FAQ

Q: Why does CHYT have cliques, while regular ClickHouse has nothing analogous? What is a clique anyway?

A: There is a dedicated Concepts article about this.


Q: I get one of the DB::NetException: Connection refused, DB::Exception: Attempt to read after eof: while receiving packet from errors. What does it mean?

A: This usually means that an instance has left for one reason or another. You can view the counters of the number of aborted/failed jobs in the operation UI. If there are (recent) jobs aborted due to preemption, it means that the clique does not have enough resources. If there are (recent) failed jobs, contact the administrator.
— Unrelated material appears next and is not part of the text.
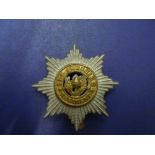 The Chesshire Regiment Cap Badge. Bi Metal in very nice condition.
Q: What does the Subquery exceeds data weight limit: XXX > YYY error mean?

A: See the max_data_weight_per_subquery option in the article about configuration.


Q: How do I save data to a table?

A: There are INSERT INTO and CREATE TABLE functions. Learn more about them in the Working with YTsaurus tables section.
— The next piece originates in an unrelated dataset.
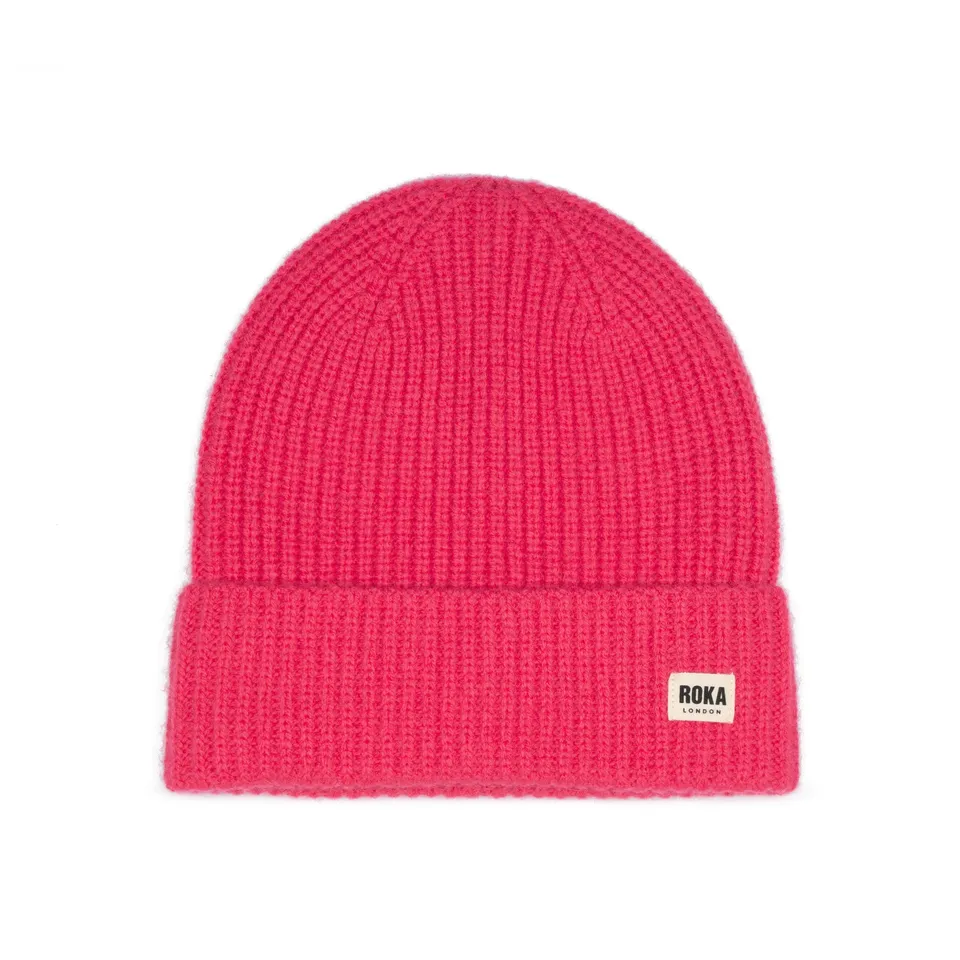 Roka London Shard lue Coral kashmir One Size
Q: How do I load geo-dicts in my own clique?

A: When starting any clique, you can specify the --cypress-geodata-path option that enables you to specify the path to geo-dicts in Cypress. For more information about this option, see the How to try article.


Q: Can CHYT process dates in TzDatetime format?
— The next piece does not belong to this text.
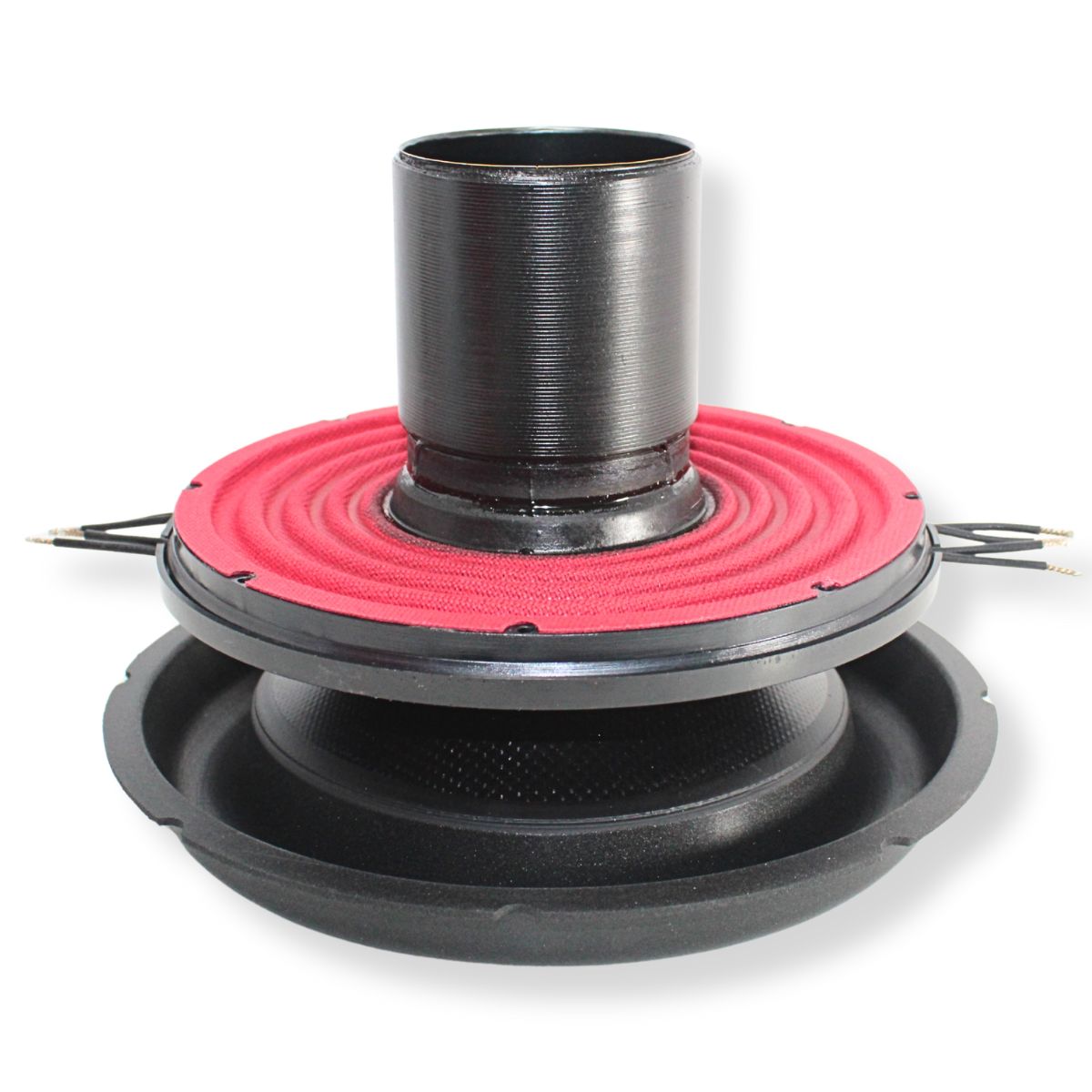 B2 Audio RAMPAGE10 10" Subwoofer Recone Kit 1 Ohm — image 2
A: CHYT can process dates in TzDatetime format just as much as regular ClickHouse (all the same functions are available). You will have to store the data as strings or numbers and convert when reading and writing. Date extraction example:

toDate(reinterpretAsInt64(reverse(unhex(substring(hex(payment_dt), 1, 8)))))

Q: How do I move a table to an SSD?

A: First, make sure that your YTsaurus account has a quota for the ssd_blobs medium. To do this, go to the Accounts page, switch your medium type to ssd_blobs, and enter your account name. If there is no quota in the ssd_blobs medium, request it from the administrator.

After obtaining the quota for the ssd_blobs medium, you will need to change the value of the primary_medium attribute, and the data will be moved to the corresponding medium in the background.

For static tables, you can force a move using the Merge operation.

yt set //home/dev/test_table/@primary_medium ssd_blobs
yt merge --mode auto --spec '{"force_transform"=true;}' --src //home/dev/test_table --dst //home/dev/test_table

If the table is dynamic, to change the medium, you must first unmount the table,
set the attribute, and then mount it back:

yt unmount-table //home/dev/test_table --sync
yt set //home/dev/test_table/@primary_medium ssd_blobs
yt mount-table //home/dev/test_table --sync

You can additionally speed up moving using forced_compaction, but using this method creates a heavy load on the cluster and is strongly not recommended.

To check that the table really changed the medium, you can use the command:

yt get //home/dev/test_table/@resource_usage

{
    "tablet_count" = 0;
    "disk_space_per_medium" = {
        "ssd_blobs" = 930;
    };
    "tablet_static_memory" = 0;
    "disk_space" = 930;
    "node_count" = 1;
    "chunk_count" = 1;
}

Q: Is the ClickHouse SAMPLE clause supported?

A: CHYT supports the SAMPLE clause. The difference is that CHYT ignores the OFFSET ... command, so you cannot get a sample from another part of the selected data.

Example:

SELECT count(*) FROM "//tmp/sample_table" SAMPLE 0.05;

SELECT count(*) FROM "//tmp/sample_table" SAMPLE 1/20;

SELECT count(*) FROM "//tmp/sample_table" SAMPLE 100500;

Q: How do I get the table name in a query?

A: You can use the $table_name and $table_path virtual columns. For more information about the virtual columns, see Working with YTsaurus tables.